As I mentioned before, the votes on referendums are votes of conscience and belief; they are not partisan. In this case though, the constitutional reform is set out to endanger individual freedoms and democracy in Venezuela and therefore voting in the referendum has also become a matter of principle.

In matters of principle the righteous have no other alternative but to take a stance. Not because they can change a given abusive condition or because they may be able to score a victory but because that is the essence of righteousness.

The righteous can not walk away or avoid raising their voice if a child is abused; if a person is tortured; if someone is denied of his rights because of race and/or gender; if a woman is abused; if someone is denied the right to worship his God and certainly, if someone’s right to freedom is taken away by force.

In all and every single case when matters of principle are at stake the righteous have the duty to take a stance because not doing so validates the abuse and/or the perception that abusing others is warranted or not worth denouncing depending on the circumstances.

The burden of the righteous is very heavy but their power is also immense. That power has been evident through out history when in some cases the righteous stance of one single individual has triggered events that have changed the course of history itself. That same inspiring power is what we identify in the righteous stance of the students in Venezuela.

In this ageless and on going confrontation between freedom and oppression tyrants and dictators have the upper hand because they do not have to follow rules.

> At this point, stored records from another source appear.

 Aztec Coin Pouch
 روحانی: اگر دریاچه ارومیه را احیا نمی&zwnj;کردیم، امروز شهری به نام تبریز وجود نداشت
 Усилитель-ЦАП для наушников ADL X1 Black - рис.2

The righteous though have the inspiring power of their principles and that is what despots fear the most.

Those of us who, as me, happen to be religious have twice that burden since we are compelled as well to take a stance when matters of faith are at stake.

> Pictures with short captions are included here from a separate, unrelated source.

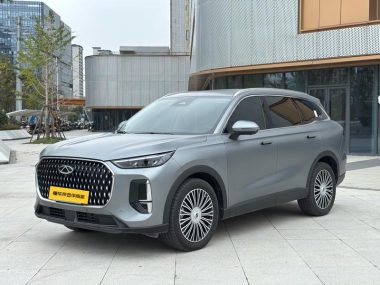 Chery 8L 2025, фото 1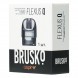 Сменный картридж Brusko - Flexus Q (2 мл., 1 шт., без испарителя) купить в Тольятти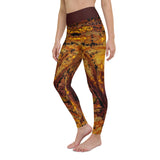 Lionfish Eliminator Yoga Leggings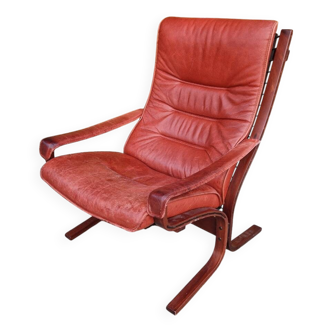 Fauteuil scandinave SIESTA INGMAR RELLING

I sincerely believe that, on December 2, all Venezuelans who believe in freedom and democracy have no choice but to take a stance and vote regardless of what the outcome of the election is and even though there are strong indications that the election will be fraudulent. As I said before, in matters of principle you can not stand on the sidelines and avoid taking a stance if at all, to let the tyrant know that the will and determination of those who believe in freedom is not and will never be broken.

I wish all Venezuelans the best in these times of trial and hope that better times lie ahead for themselves, their families and their country.

I also want to thank my fellow blogger Feathers for being so stubborn, passionate and uncompromising when it comes to defending her points of view and beliefs. By doing so she encouraged me to write this post and made me realize that I also needed to be reminded of the above concepts.

I leave you with a quote that is credited to Edmund Burke; a quote I think is indeed self explanatory:

“The only thing necessary for the triumph of evil is for good men to do nothing.”